Idiopathic Pulmonary Fibrosis (IPF) is a progressive disease of unknown etiology, characterized by a radiological and/or morphological pattern of usual interstitial pneumonia. Its diagnosis is challenging, and disease progression is often variable and unpredictable. In recent years the introduction of Artificial Intelligence (AI), particularly machine-learning (ML) and deep-learning (DL) models, has shown the potential to improve the diagnosis, prognosis, and therapeutic strategies for IPF. As part of DL, convolutional neural network, enhance the accuracy of high-resolution computed tomography analysis, facilitating early and precise diagnosis. Likewise, predictive ML and DL models are being developed using clinical, morphological, transcriptional and imaging data to assess disease progression and stratify patients by risk, thereby improving prognosis evaluation.

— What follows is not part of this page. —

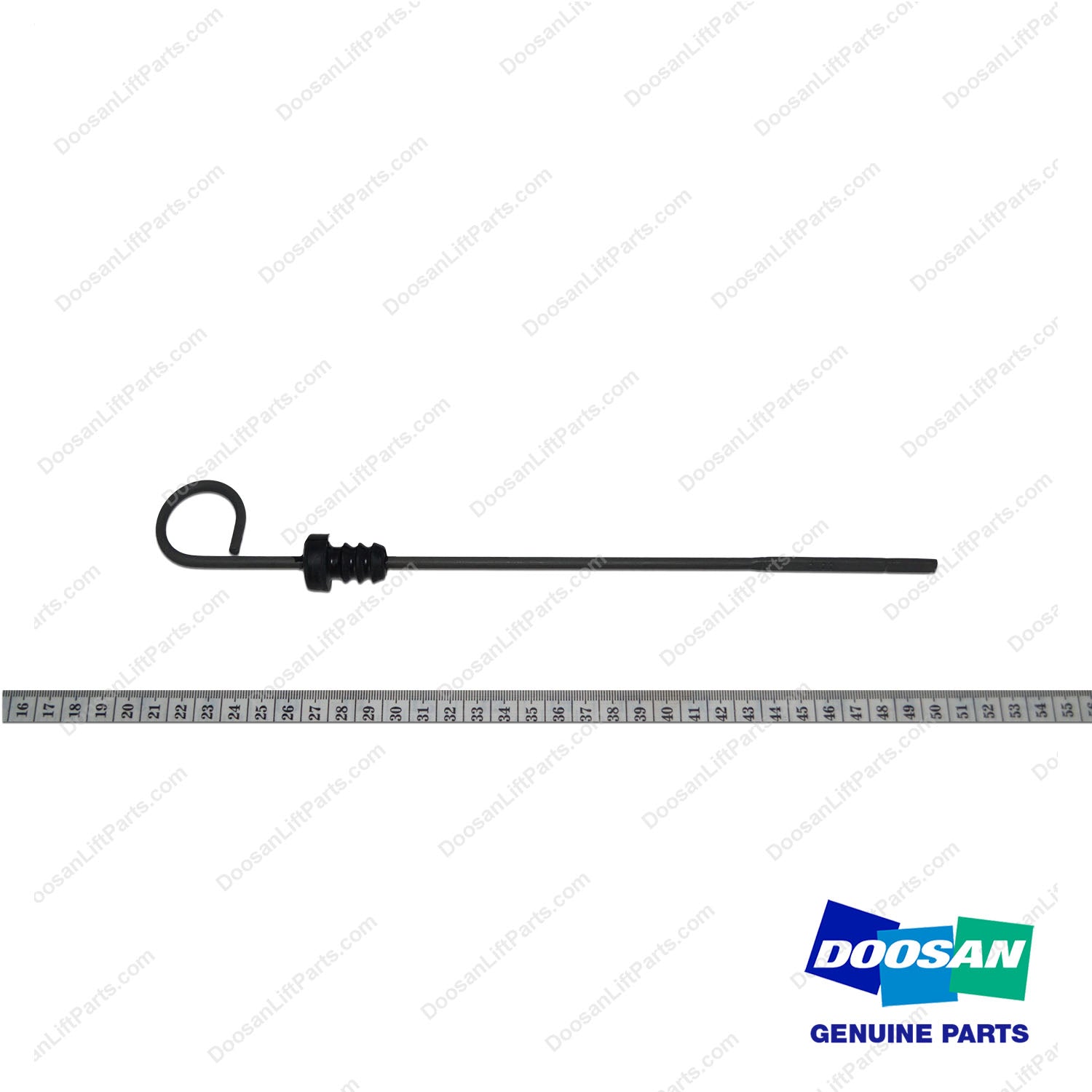 Gauge;oil,Kubota,T-4,INT,EG - Doosan Forklift Part 800109-00350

Furthermore, AI-driven drug discovery may optimize treatment strategies by identifying novel therapeutic targets, as recently demonstrated with the discovery of an NCK-interacting kinase inhibitor with strong antifibrotic properties. However, several challenges hamper widespread clinical integration and real-life implementation, including data heterogeneity, model interpretability, and the need for robust validation through large-scale, multicenter studies. Future research should prioritize the development of standardized models of AI in large cohorts of IPF patients, combining clinical, imaging, morphologic, multiomics and other data, and enhance model transparency to strengthen clinical confidence. With continued advancements, AI holds potential to improve IPF management, enabling early diagnosis, individualized prognosis, and targeted therapy, all aimed at improving patient outcomes. In this review, we explore the evolving role of AI in IPF management, its potential to support clinical decisions, and the challenges to its clinical integration.